29 Ekim 2013 Salı




TARİHTEN  NOTLAR -3-


- Tarık bin Ziyad, yedi bin kişilik ordusuyla 711 yılında, İspanya hükümdarı, Vizigotlu Kral Rodrique' in yüz bin kişilik ordusunu yenerek, teker teker Granada, Seville, Kurtuba ve Toledo' yu almış, Fransızlarla sınır oluşturan Pirene Dağları' na kadar ilerlemişti. Böylece Batı Avrupa' da sekiz asır sürecek bir egemenlik kurmuştu: Endülüs Emevileri.

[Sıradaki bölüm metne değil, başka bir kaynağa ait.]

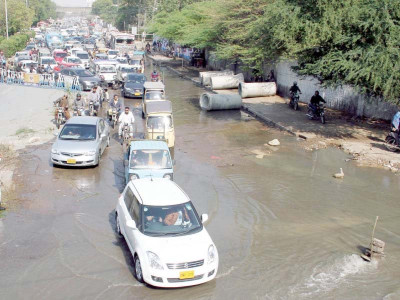 burst sewerage line at jail chowrangi causes hours long traffic jam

1492 yılında, Granada' nın emiri, İslamın Halifesi, Endülüs' ün tek müslüman hakimi, Ebu Abdullah On İkinci Muhammed adını taşıyordu. İspanyolların bir türlü dilleri dönmediği için emire Boabdil el Chico ( Küçük Ebu Abdul ) diyorlardı. Boabdil, savaşmadan, kendi elleriyle Granada şehrinin anahtarını Kastilya Kraliçesi İzabella ve kocası Aragon Kralı Ferdinand' a teslim ederek El Hamra sarayını üzülerek terketmişti. Ve gemiyle, Kuzey Afrika' ya dönmüştü. On yıllar sonra sefalet içinde ölecek, çocukları ve torunları dilenci olarak yaşayacak Boabdil' den geriye son bir kez Granada' yı izlediği, Cebel-i Tarık' ın öbür ucundaki bu dağın adı kalacaktı:
Puerto del Suspiro del Moro; Mağribli' nin Son İç Çekişi.
Sokak lambaları, yel değirmenleri ve çiçek dizili yolların Endülüs' te icat edildiğini  belirtmeliyim. ( Beyazıt Akman- Son Sefarad )

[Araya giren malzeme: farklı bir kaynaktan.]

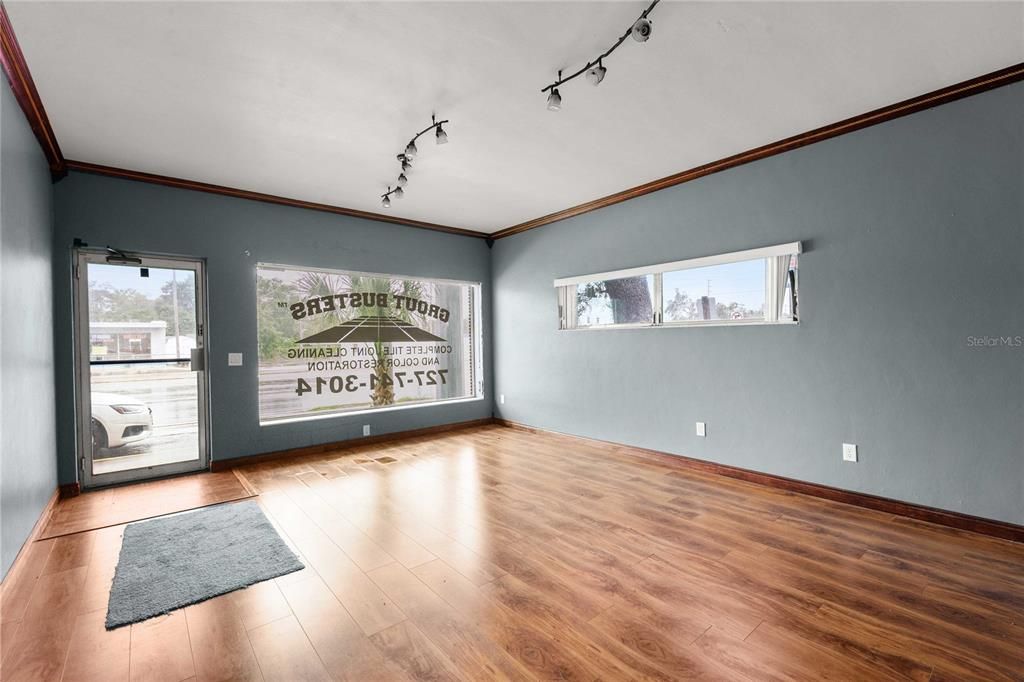 En Venta: $599,000 (0 camas, 0 baños, 2304 Pies cuadrados)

-" Kanadalı William Stephenson tartışmasız istihbarat dünyasının en renkli karakterlerinden biriydi. Birinci Dünya Savaşı' na savaş pilotu olarak katılmış, 26 Alman uçağı düşürmüş, esir kampından kaçmış, hatta kaçarken de Alman birliklerinin pozisyonlarına dair notlar almıştı. İkinci Dünya Savaşında İngiliz İstihbaratı adına çalışan Stephenson, ABD Başkanı Roosevelt' e, Almanların Orta ve Güney Amerika' yı sömürgeleştirmeyi hedefleyen planlarını getirmeyi başarmıştı. Üstelik her iki dünya savaşı arasında da boş durmamış, hafifsıklette dünya boks şampiyonu olmuş, havada sürat rekoru kırmış ve radyo-elektronik alanında kablosuz fotoğraf nakledicisi gibi icatlar yaparak milyoner olmuştu! James Bond' un yaratıcısı Ian Fleming bir keresinde " James Bond gerçek bir ajanın romantize edilmiş halidir. Gerçek olanıysa Stephenson' dur" demişti. Stephenson 1924' te kendi icadı olan cihazla Amerika' dan İngiltere' ye fotoğraf geçerek ilk kablosuz veri transferini gerçekleştirmiştir." ( Ali Çimen - Tarihi Değiştiren Gizli Servisler, Popüler Tarih )

- Uzun yıllar boyunca, asillere " mavi kan " denilmekteydi. Bunun nedeni gümüştür. Mücevherli küçük altın kutuların içinde muhafaza edilen mercimek büyüklüğündeki gümüş tanelerini her gün içen asiller, bir süre sonra vücutlarında gümüşün stoklanması nedeniyle ciltleri gri-mavi bir renge dönüşürdü. Aslında, bu cilt rengi "argyria" hastalığına yakalandıklarının göstergesiydi. Asiller, hastalanmamak ve bulaşıcı hastalıklardan korunmak için bu minik gümüş tabletleri içmekteydiler. Yani,  mavi kan deyimi varlığını "argyria" hastalığından almaktadır.